Unfortunately, authors often do not address important biases when reporting their results. Among 43 case–control and cohort studies published from 1990 to 1994 that investigated the risk of second cancers in patients with a history of cancer, medical surveillance bias was mentioned in only 5 articles (66). A survey of reports of mental health research published during 1998 in 3 psychiatric journals found that only 13% of 392 articles mentioned response bias (67). A survey of cohort studies in stroke research found that 14 of 49 (28%) articles published from 1999 to 2003 addressed potential selection bias in the recruitment of study participants and 35 (71%) mentioned the possibility that any type of bias may have affected results (5).

10 Study size: Explain how the study size was arrived at.

Example 1

“The number of cases in the area during the study period determined the sample size” (73).

Example 2

“A survey of postnatal depression in the region had documented a prevalence of 19.8%. Assuming depression in mothers with normal-weight children to be 20% and an odds ratio of 3 for depression in mothers with a malnourished child, we needed 72 case–control sets (1 case to 1 control) with an 80% power and 5% significance” (74).

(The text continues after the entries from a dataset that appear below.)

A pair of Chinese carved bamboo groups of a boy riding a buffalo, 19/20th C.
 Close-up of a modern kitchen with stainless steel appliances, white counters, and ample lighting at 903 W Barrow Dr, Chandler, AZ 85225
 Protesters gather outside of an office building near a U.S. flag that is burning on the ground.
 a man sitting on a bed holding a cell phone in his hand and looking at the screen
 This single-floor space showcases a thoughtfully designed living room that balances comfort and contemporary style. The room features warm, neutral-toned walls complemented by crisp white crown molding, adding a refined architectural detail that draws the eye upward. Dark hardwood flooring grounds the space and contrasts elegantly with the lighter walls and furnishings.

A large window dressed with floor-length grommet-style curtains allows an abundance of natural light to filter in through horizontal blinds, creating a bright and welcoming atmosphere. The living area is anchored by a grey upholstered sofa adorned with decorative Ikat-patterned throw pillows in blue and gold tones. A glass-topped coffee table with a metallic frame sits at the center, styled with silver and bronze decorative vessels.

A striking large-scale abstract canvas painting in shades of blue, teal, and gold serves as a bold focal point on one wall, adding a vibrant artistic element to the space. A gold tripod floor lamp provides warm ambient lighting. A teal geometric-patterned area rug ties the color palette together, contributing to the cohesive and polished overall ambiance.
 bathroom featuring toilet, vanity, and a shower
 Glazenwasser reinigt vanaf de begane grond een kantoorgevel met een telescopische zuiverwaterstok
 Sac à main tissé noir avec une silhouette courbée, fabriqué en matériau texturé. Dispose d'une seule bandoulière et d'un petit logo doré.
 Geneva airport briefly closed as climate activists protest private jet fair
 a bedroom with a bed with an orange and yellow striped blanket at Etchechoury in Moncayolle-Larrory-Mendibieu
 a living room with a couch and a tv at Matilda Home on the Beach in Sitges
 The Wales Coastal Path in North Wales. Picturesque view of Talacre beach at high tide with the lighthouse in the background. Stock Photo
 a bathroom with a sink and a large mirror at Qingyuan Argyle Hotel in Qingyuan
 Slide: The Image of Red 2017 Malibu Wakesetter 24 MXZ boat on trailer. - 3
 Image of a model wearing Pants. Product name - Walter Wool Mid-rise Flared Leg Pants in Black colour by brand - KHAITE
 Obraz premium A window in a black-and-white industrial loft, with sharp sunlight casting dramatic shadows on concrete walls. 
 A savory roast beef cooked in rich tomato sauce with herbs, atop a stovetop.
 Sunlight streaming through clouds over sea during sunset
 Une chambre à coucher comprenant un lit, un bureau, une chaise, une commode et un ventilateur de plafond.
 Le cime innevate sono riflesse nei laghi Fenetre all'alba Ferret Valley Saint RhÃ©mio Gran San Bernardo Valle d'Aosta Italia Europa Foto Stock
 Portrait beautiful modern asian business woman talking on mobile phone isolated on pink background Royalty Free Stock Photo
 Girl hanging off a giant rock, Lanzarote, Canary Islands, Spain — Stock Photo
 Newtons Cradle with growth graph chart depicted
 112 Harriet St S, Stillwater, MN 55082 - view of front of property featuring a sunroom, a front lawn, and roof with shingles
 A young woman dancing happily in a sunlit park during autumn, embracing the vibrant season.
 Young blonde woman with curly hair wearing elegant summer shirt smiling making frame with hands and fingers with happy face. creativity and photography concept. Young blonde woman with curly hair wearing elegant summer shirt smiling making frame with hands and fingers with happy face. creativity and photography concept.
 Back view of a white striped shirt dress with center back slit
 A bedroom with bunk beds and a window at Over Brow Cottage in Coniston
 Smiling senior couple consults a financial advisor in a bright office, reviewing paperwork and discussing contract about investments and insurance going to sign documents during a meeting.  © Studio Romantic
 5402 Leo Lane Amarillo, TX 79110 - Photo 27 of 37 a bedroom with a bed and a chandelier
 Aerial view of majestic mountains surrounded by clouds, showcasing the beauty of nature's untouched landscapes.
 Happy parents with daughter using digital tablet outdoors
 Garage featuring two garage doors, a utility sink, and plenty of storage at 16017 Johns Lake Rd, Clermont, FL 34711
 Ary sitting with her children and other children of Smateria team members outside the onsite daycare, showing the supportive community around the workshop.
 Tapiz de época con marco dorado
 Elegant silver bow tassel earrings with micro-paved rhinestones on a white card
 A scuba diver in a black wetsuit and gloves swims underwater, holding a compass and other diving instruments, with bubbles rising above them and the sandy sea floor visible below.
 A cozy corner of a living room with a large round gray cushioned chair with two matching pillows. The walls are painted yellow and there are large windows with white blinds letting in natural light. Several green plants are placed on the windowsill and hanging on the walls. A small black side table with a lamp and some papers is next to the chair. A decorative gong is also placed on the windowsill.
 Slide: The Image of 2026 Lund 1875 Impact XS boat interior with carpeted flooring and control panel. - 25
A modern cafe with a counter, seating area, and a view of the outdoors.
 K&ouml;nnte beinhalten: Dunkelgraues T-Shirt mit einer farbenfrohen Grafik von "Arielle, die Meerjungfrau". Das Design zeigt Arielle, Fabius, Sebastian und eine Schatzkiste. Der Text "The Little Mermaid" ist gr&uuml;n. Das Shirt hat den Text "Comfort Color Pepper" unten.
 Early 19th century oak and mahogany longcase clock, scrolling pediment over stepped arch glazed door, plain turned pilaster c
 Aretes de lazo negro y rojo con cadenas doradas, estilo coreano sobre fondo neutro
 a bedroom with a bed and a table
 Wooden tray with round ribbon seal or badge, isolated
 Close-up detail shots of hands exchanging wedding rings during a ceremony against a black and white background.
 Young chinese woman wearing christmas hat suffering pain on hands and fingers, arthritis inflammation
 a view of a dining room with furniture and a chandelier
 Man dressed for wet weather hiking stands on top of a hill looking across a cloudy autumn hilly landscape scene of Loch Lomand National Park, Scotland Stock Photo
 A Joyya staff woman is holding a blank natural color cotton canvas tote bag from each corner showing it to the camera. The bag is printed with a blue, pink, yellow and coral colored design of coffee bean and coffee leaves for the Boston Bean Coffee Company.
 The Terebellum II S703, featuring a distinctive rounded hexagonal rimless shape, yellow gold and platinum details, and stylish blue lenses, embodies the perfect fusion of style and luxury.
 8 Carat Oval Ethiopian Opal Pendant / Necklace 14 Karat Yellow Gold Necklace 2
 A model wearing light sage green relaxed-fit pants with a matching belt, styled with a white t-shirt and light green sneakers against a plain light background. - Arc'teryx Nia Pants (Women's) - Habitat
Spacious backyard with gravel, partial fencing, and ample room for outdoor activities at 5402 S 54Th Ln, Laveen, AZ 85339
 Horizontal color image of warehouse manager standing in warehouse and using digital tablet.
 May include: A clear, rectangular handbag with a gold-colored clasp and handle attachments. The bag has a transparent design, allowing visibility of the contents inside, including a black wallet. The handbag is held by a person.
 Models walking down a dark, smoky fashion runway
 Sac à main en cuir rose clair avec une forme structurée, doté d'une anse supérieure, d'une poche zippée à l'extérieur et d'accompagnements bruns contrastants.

A study should be large enough to obtain a point estimate with a sufficiently narrow confidence interval to meaningfully answer a research question. Large samples are needed to distinguish a small association from no association. Small studies often provide valuable information, but wide confidence intervals may indicate that they contribute less to current knowledge in comparison with studies providing estimates with narrower confidence intervals. Also, small studies that show “interesting” or “statistically significant” associations are published more frequently than small studies that do not have “significant” findings. While these studies may provide an early signal in the context of discovery, readers should be informed of their potential weaknesses.

The importance of sample size determination in observational studies depends on the context. If an analysis is performed on data that were already available for other purposes, the main question is whether the analysis of the data will produce results with sufficient statistical precision to contribute substantially to the literature, and sample size considerations will be informal. Formal, a priori calculation of sample size may be useful when planning a new study (7576). Such calculations are associated with more uncertainty than is implied by the single number that is generally produced. For example, estimates of the rate of the event of interest or other assumptions central to calculations are commonly imprecise, if not guesswork (77). The precision obtained in the final analysis can often not be determined beforehand because it will be reduced by inclusion of confounding variables in multivariable analyses (78), the degree of precision with which key variables can be measured (79), and the exclusion of some individuals.

Few epidemiologic studies explain or report deliberations about sample size (45). We encourage investigators to report pertinent formal sample size calculations if they were done. In other situations, they should indicate the considerations that determined the study size (for example, a fixed available sample, as in the first example above). If the observational study was stopped early when statistical significance was achieved, readers should be told. Do not bother readers with post hoc justifications for study size or retrospective power calculations (77). From the point of view of the reader, confidence intervals indicate the statistical precision that was ultimately obtained. It should be realized that confidence intervals reflect statistical uncertainty only, and not all uncertainty that may be present in a study (see item 20).

11 Quantitative variables: Explain how quantitative variables were handled in the analyses. If applicable, describe which groupings were chosen, and why.


“Patients with a Glasgow Coma Scale less than 8 are considered to be seriously injured. A GCS of 9 or more indicates less serious brain injury. We examined the association of GCS in these two categories with the occurrence of death within 12 months from injury” (80).